L’exemption au Nutri-Score, une fausse bonne idée
En attendant, l’ombre d’une prochaine généralisation obligatoire du Nutri-Score électrise le débat et pousse certains producteurs français dans leurs retranchements. À tel point que certains d’entre-eux n’hésitent plus à demander publiquement à ce que leurs produits soient purement et simplement exemptés du futur système. C’est le cas des producteurs de maroilles, qui ont estimé en avril dernier que les produits bénéficiant d’une AOC (appellation d’origine contrôlée) ou d’une IGP (indication géographique protégée) ou encore relevant du Cnaol (Conseil national des appellations d’origine laitières) devraient bénéficier d’un régime de faveur. Seule solution, selon eux, pour faire face au fait que la composition de leurs fromages ne peut, à la différence des produits industriels ultra-transformés, en aucun cas être modifiée.
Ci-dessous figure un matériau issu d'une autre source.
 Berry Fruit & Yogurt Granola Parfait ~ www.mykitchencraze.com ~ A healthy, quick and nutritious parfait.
Compréhensible, la réaction des producteurs de maroilles n’en est pas moins inappropriée. Elle s’inscrit en effet à rebours des aspirations des consommateurs français, dont les habitudes alimentaires ont beaucoup évolué au cours des années passées. Exprimant un fort besoin de transparence et d’une alimentation plus saine, une large majorité (64%) des Français se déclarent ainsi favorables à la mise en place d’un système d’étiquetage nutritionnel. Par ailleurs, près de six consommateurs sur dix (57%) affirment avoir déjà changé une habitude d’achat depuis l’arrivée des logos nutritionnels sur leurs produits. Autrement dit, le réflexe est déjà entré dans les mœurs ; pour les fromagers, décider de nager à contre-courant de leur clientèle apparaîtrait donc comme une stratégie risquée, au mieux conservatrice, au pire contreproductive.
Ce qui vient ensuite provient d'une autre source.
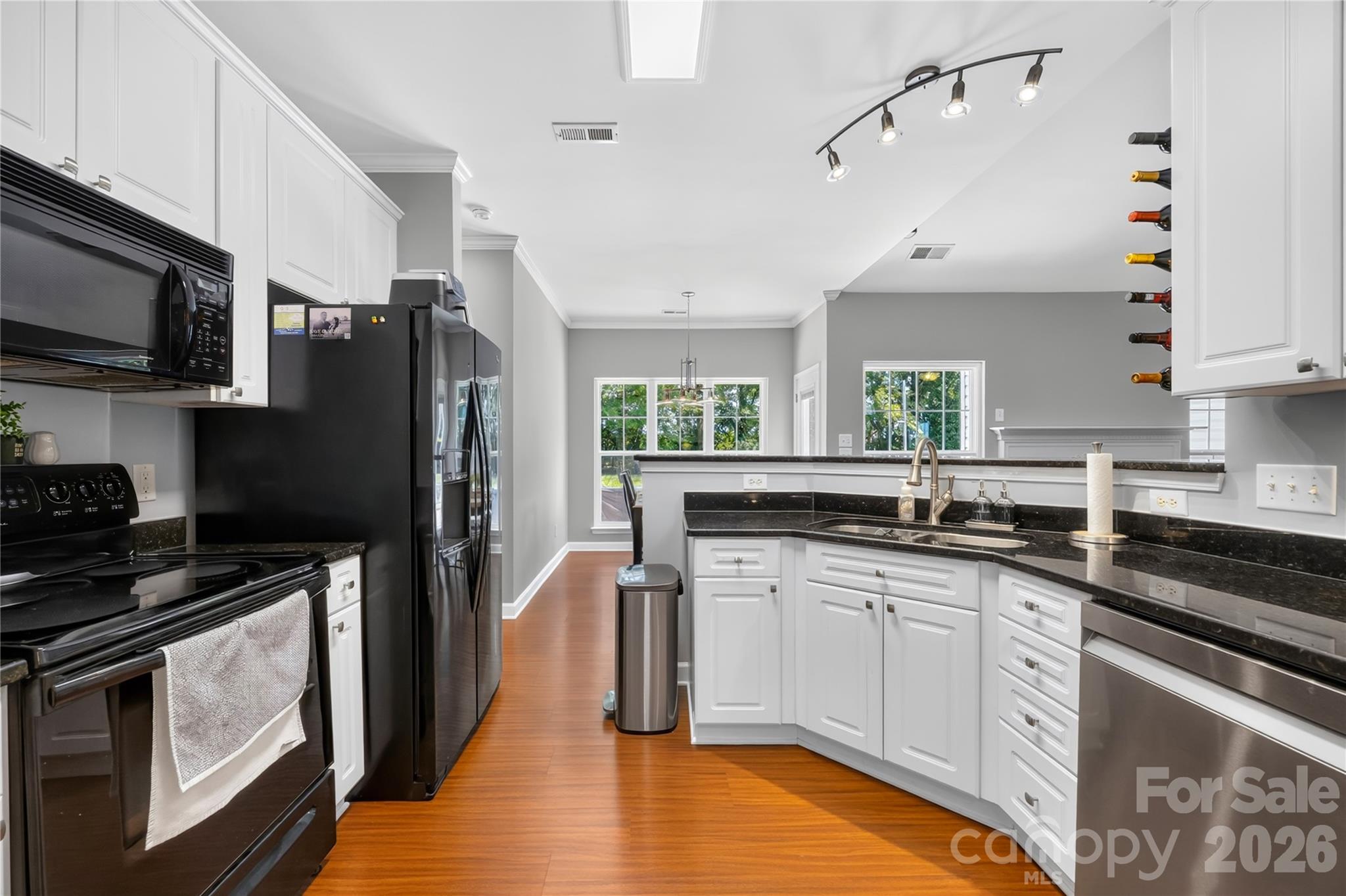 4740 Asherton Place Property Photo 19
L’exemple des producteurs d’huile d’olive espagnols
Car ce n’est pas tant le principe d’un étiquetage nutritionnel qui fait débat, que son dévoiement par les concepteurs et promoteurs du Nutri-Score. En Espagne, les producteurs d’huile d’olive, un produit lui aussi très mal noté par le Nutri-Score et dont les exportations pourraient pâtir de sa généralisation, se sont ainsi unis derrière l’idée d’un autre système d’étiquetage. Certains d’entre-eux plaident par exemple pour le concurrent du système français, le Nutrinform, dont ils estiment que les algorithmes ne pénalisent pas injustement leurs produits. Une stratégie en apparence plus constructive, qui ménage tant les intérêts des consommateurs que ceux de secteurs entiers de l’économie espagnole, et dont feraient bien de s’inspirer les fromagers français.